Yes, there are some companies. Yes and no. There are other companies trying to address this area with intrusion prevention solutions, but I think they take a slightly different approach. Most of them by the way are more focused on the perimeter, putting another device behind the firewall. That's why I think what we will do is a new kind of solution. Very few of them are brave enough to run in-line to actually segment the network and just sit around and watch what's going on. We take that challenge on ourselves and say we will be in-line, we will pass the traffic and we will stop the traffic if we need to. We are trying to compete with some products, but we believe it's a newer approach to the problem.
Q: When you say you'll be in-line, does that mean you'll need multiple devices of the same kind in front of key segments of the network?
You can have multiple devices of the same kind, and you can have, say, one device in front of four or five segments.
That you would say is unique. It's along the lines of what the intrusion protection and prevention people are trying to do.
Well, protection (people) don't know how to do it. Some intrusion prevention are trying to do that, and again their focus is much more on the perimeter and on the signature identification. I'm saying we will run into some of those, but I still think what we have is a different approach.
Q: On that internal security, will it involve no reconfiguring of my network?
That's the objective.
Q: I just add it there with its policies...
Bridging, switching in a bridged, switched mode that should be transparent to the network infrastructure.
Q: So will this new product reduce the need for internal firewall segments?

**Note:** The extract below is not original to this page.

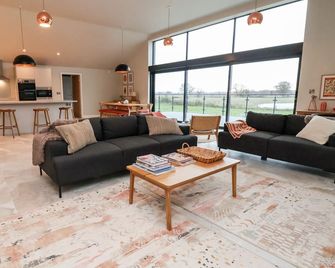 Grange Barn - Shrewsbury - Living room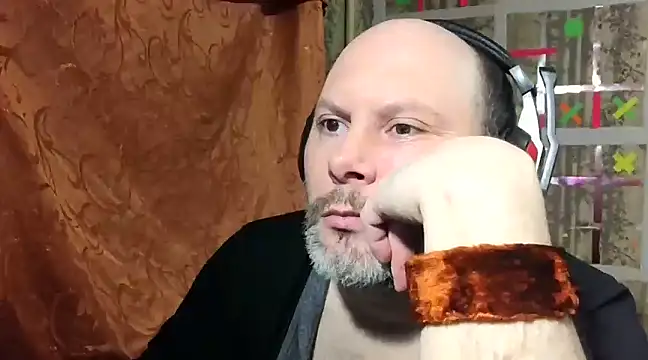 Snapshot of AgnichBan chatting on January 22, 2025, 1:42 am AgnichBan online show from January 22, 2025, 1:42 am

It will replace some of them. I think it's a fairly new market. We're going for the ones that don't use Firewall-1 for internal security. I've seen a lot of demand even with the customers that use Firewall-1 in a huge way - it has 100 firewalls and many of them are used internally. They just say this is a great approach and we will use one on every floor on every network segment and just make sure that these network attacks are blocked at the source and every attempt to play with the network is being segmented and blocked right away.
Q: If I'm a potential customer do I have to have a particular size before I'd be interested?
Any company that has a network of any size should be interested. Right now we're not targeted to the small business; we're not targeted to the company with 20 users for the most part but we are targeted to any enterprise.
Q: When these two new products come, will there be corresponding new tools for management?
Yes. These tools will be sold independently. There is no precondition that you change the management or upgrade the management or even use the same management. It's the same architecture, they will connect to one another, and we will use the same architecture, so there will be a lot of benefits to doing that.
Q: Is there nobody who approaches what you are about to do?
I think these solutions will be unique in their category. We are trying, by the way, to address the broadest and the widest categories because addressing a category that's a very small niche category unfortunately is not enough for our customers or for what we are trying to do.